1. Field of the Invention
The present invention pertains to transparent glazing units, and more particularly to such glazing units having transparent coatings adapted to reduce solar transmittance and increase solar reflection for minimizing solar heat gain through the glazing unit. The coatings include electrically conducting components which permit optional heating of the glazing units.
2. Description of the Prior Art
It has long been recognized that transmission of solar energy through glass results in significant heat gain within glazed enclosures. In an effort to reduce this transmission of solar energy, and thus heat gain, so-called heat-absorbing glasses were developed wherein the solar energy outside of a particular bandwidth is absorbed by predetermined elements in the glass and reradiated as heat. With the advent of air conditioning, particularly in automobiles, reducing transmission of solar energy through the glazing units became increasingly important in order to minimize the load on the air conditioning systems.
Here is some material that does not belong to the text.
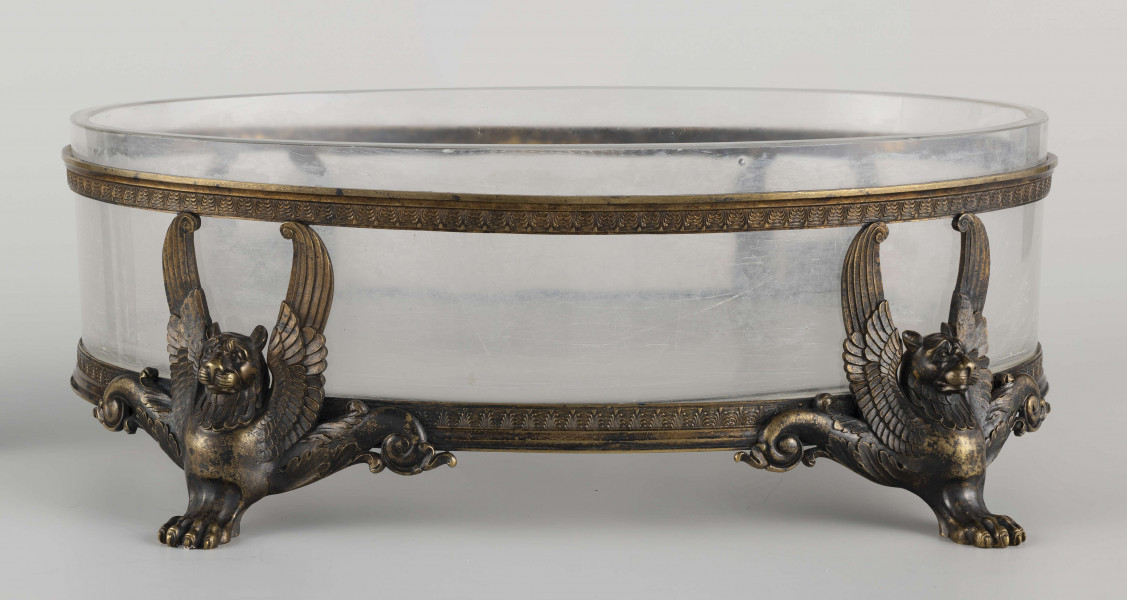 S/CS/1063/ML - Naczynie ze szkła bezbarwnego, grubościennego, owalne, z płaskim dnem, w oprawie metalowej złożonej z dwóch obręczy połączonych plastycznymi figurkami gryfów na nóżkach. Powierzchnia obręczy zdobiona plastycznym fryzem antykizujacych palmet. Oprawa metalowa patynowana.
In order to comply with Federal standards, it is important that automotive glass have a low total solar transmission, with relatively high transmission in the visible spectrum. The standards specify that automotive glass have Illuminant "A" Transmittance of at least seventy percent in the visible spectrum. Such a transmission level in the visible spectrum insures that drivers will be able to safely view objects outside the vehicle under all light conditions, including headlights of oncoming vehicles. To be deemed a heat absorbing glass, the total solar transmittance must not exceed fifty percent at the same glass thickness.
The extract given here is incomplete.